For those who aren’t familiar, POTS is a form of dysautonomia, a disorder affecting the autonomic nervous system. This system controls functions we don’t consciously think about, such as heart rate, blood pressure, body temperature, sweating, and digestion. Factors like anemia, low weight (BMI), and higher elevations can complicate POTS. Unfortunately, all are complications I deal with regularly.

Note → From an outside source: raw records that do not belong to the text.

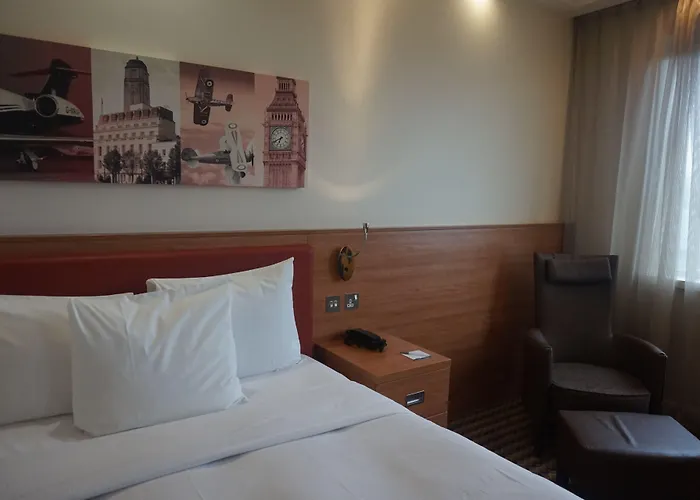 Hampton By Hilton Luton Airport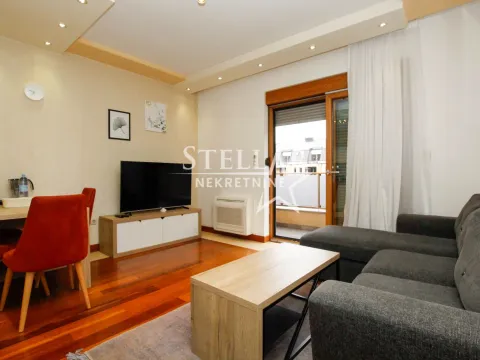 Izdavanje, stan, 64m², Centar, Podgorica - image 1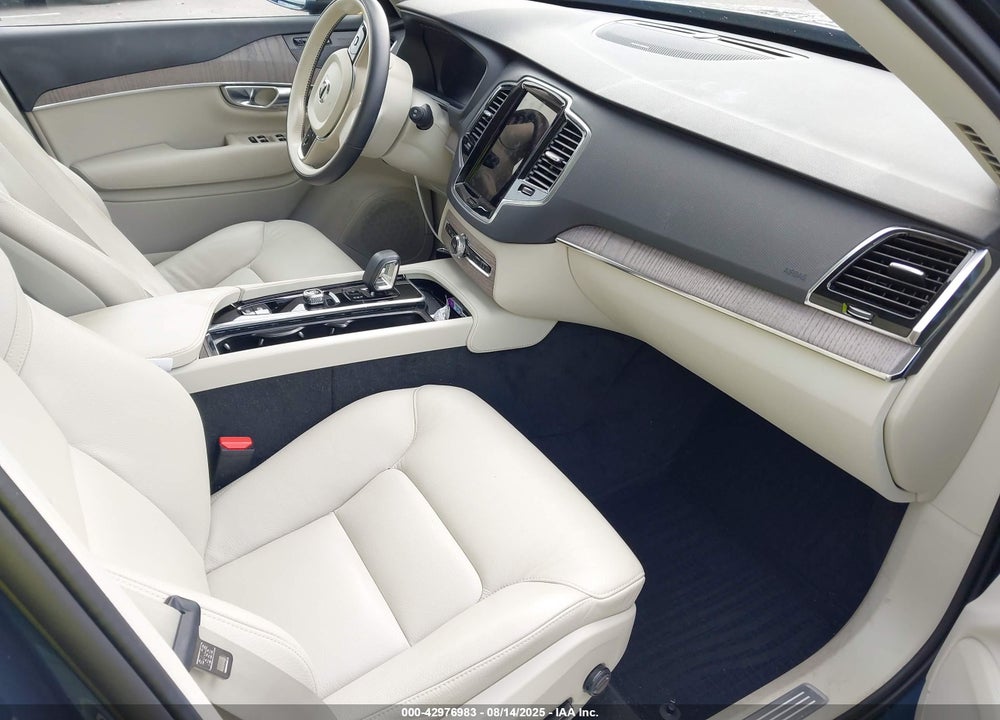 2024 VOLVO XC90 VIN: YV4062JE2R1185015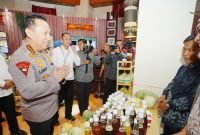 Buka Rakernis Densus 88, Kapolri Kunjungi Stan Usaha Eks Narapidana Teroris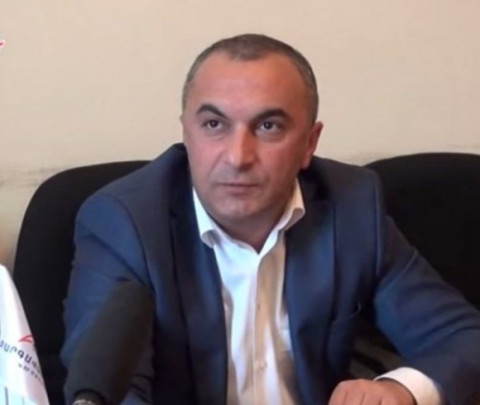 «Հրապարակ». Արթիկում կրքեր են եռում. Մուշեղ Պետոյանի զարմիկը ճնշումներ է գործադրում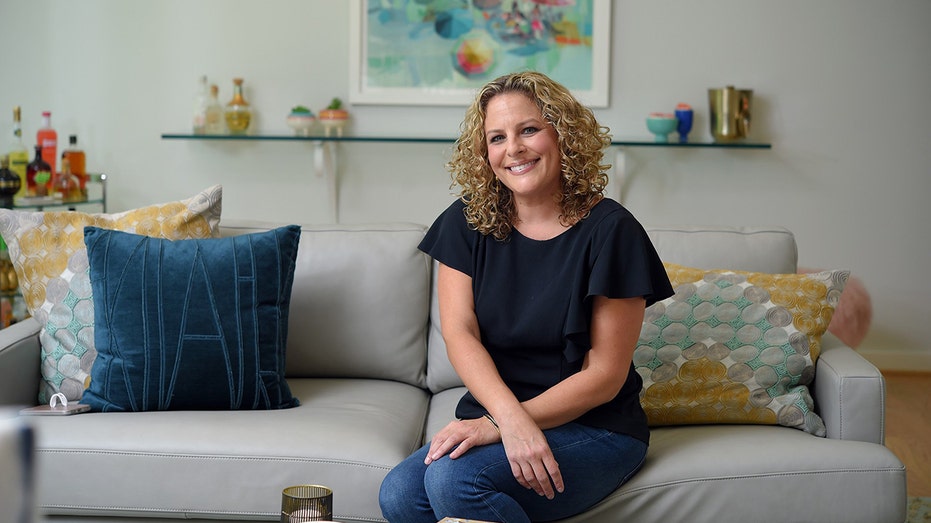 Popular mommy blogger dies at 48 two years after devastating cancer diagnosis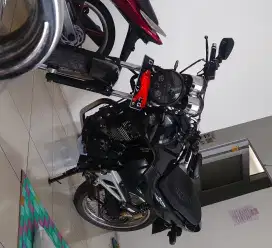 Bu cepat motor Honda Tiger 2000 tilas satset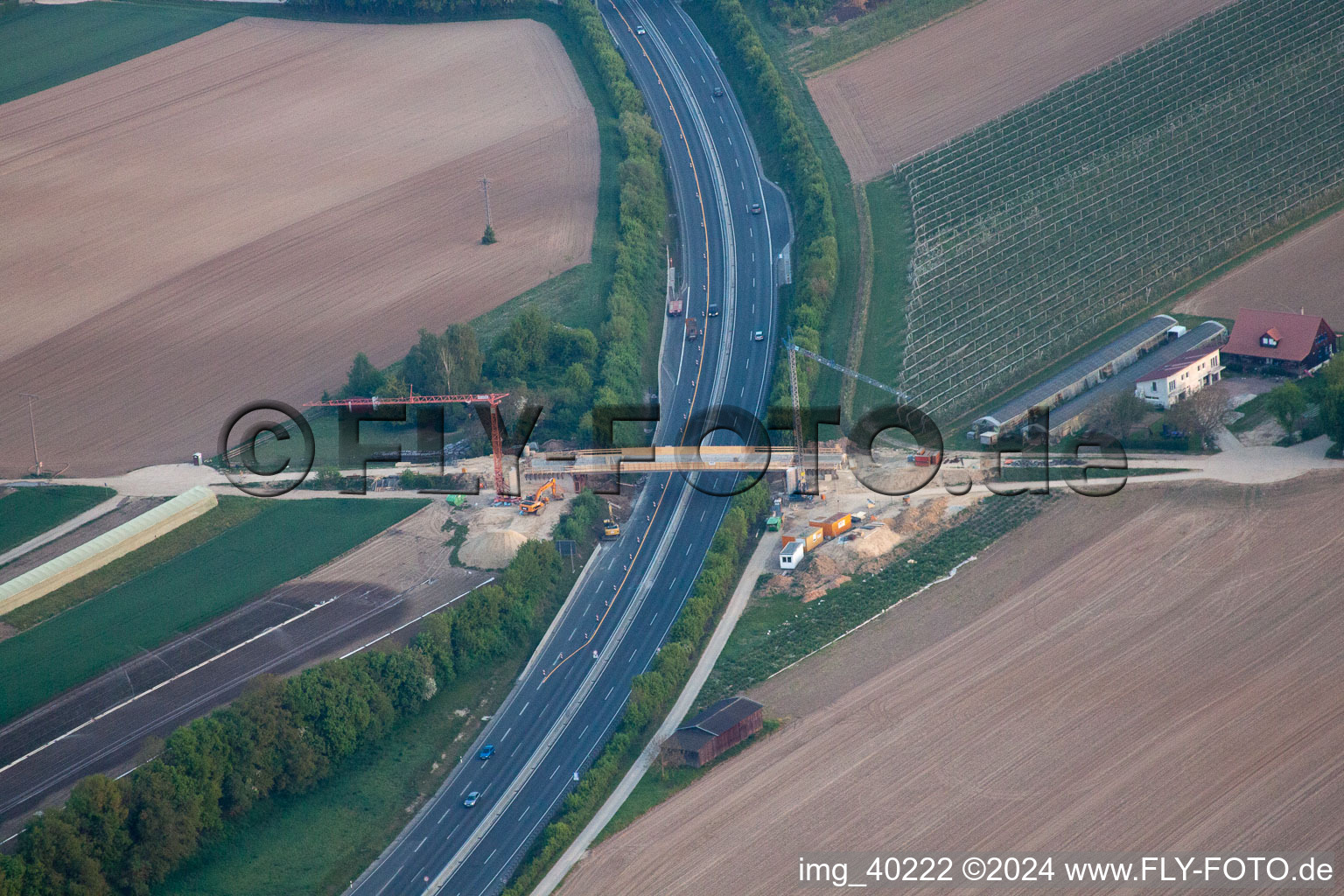 Nouvelle construction du pont A65 à Kandel dans le département Rhénanie-Palatinat, Allemagne d'en haut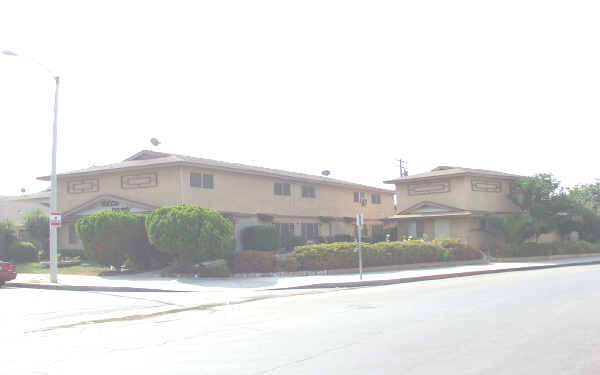 Yucca Palms in Covina, CA - Foto de edificio - Building Photo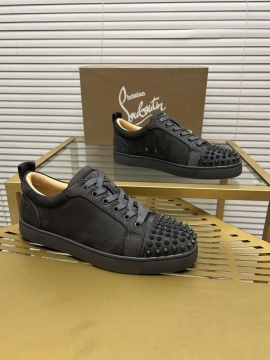 2026入荷しました【Christian Louboutin】スニーカー スエード 锥形釘装飾  ブラック×ブラウン ストリート 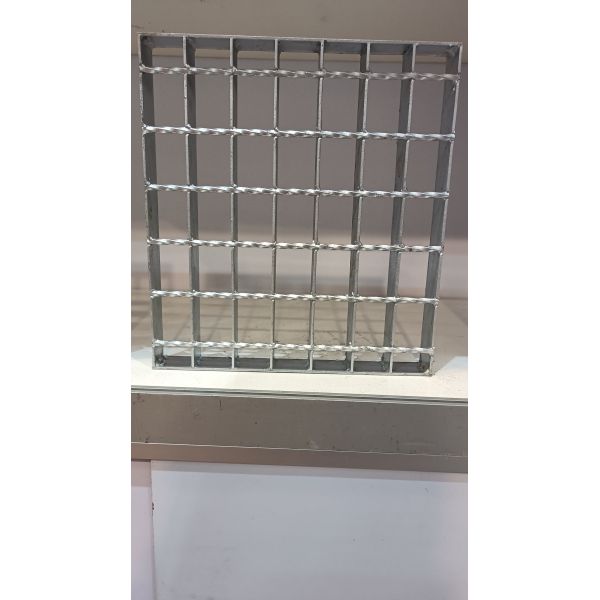 1/4 19 решетка стального прута w 4 слабым Serrated углеродом для проступей дорожки и лестницы платформы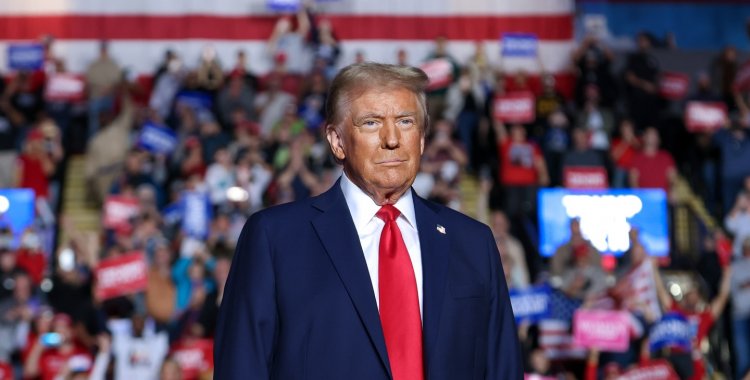 : Facebook Donald J. Trump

Fatigue, forgetfulness, and brain fog—common symptoms of my low blood pressure—are some of my most challenging aspects of living with POTS. However, the grief I feel over my body not functioning as it should is also a significant struggle.

I often find myself catastrophizing, overwhelmed by the fact that my body can’t do what it’s supposed to. Even though POTS isn’t terminal, it sometimes feels like my body is shutting down and my health is slipping away. I’ve spent too many days this year mourning the loss of my healthy body and grappling with the grief that comes with it.

Living With POTS:

While POTS isn’t curable, it is manageable—though I’m still figuring out the “manageable” part!  

Exercise is essential for managing POTS, but the symptoms can make it especially challenging at times. While I won’t let them stop me, they do slow me down and often leave me feeling drained, with little energy for other tasks. Cardio and strength training are non-negotiable for me, though, because without them, my symptoms worsen—and so does my mental state.

Beyond my workouts, I’m also focusing on prescribed lifestyle changes.

I’m keeping my weight and iron levels up, drinking 10-14 cups of water daily, increasing my sodium intake to between 3,000 and 10,000 mg a day, avoiding alcohol, limiting exposure to hot weather and hot showers, baths and hot springs, wearing compression socks, standing up slowly, and pumping my legs before standing.

To address my POTS digestive issues, I’m now tracking how my symptoms relate to what I eat. I’m also eating smaller, more frequent meals whenever possible.

Everything Changes…

This past year has been a powerful reminder that “Everything Changes.” Living with POTS has humbled me, teaching me to let go of what’s beyond my control.

In the coming year, I hope to focus on how much I have to be grateful for beyond my physical health—my friends, family, access to medical care, and the freedom my unstructured lifestyle provides.

I also want to remain thankful for how well my body continues to serve me, despite my POTS diagnosis. I won’t take for granted that while living with POTS, I was able to trek the Salkantay Pass in Peru at 17,000 feet or complete the Tour du Mont Blanc this past summer, trekking through France, Switzerland, and Italy while circumnavigating the majestic Alps.

As I’ve said before, I am not my illness. My illness does not define me. I will remain grateful for what my body still allows me to do. I will listen to and honor my body when it is struggling. And most importantly, I will learn to surrender to whatever challenges lie ahead.

Happy New Year, my friends. Cheers to health, love, adventures, meaningful connections, and mastering the art of surrender in 2025!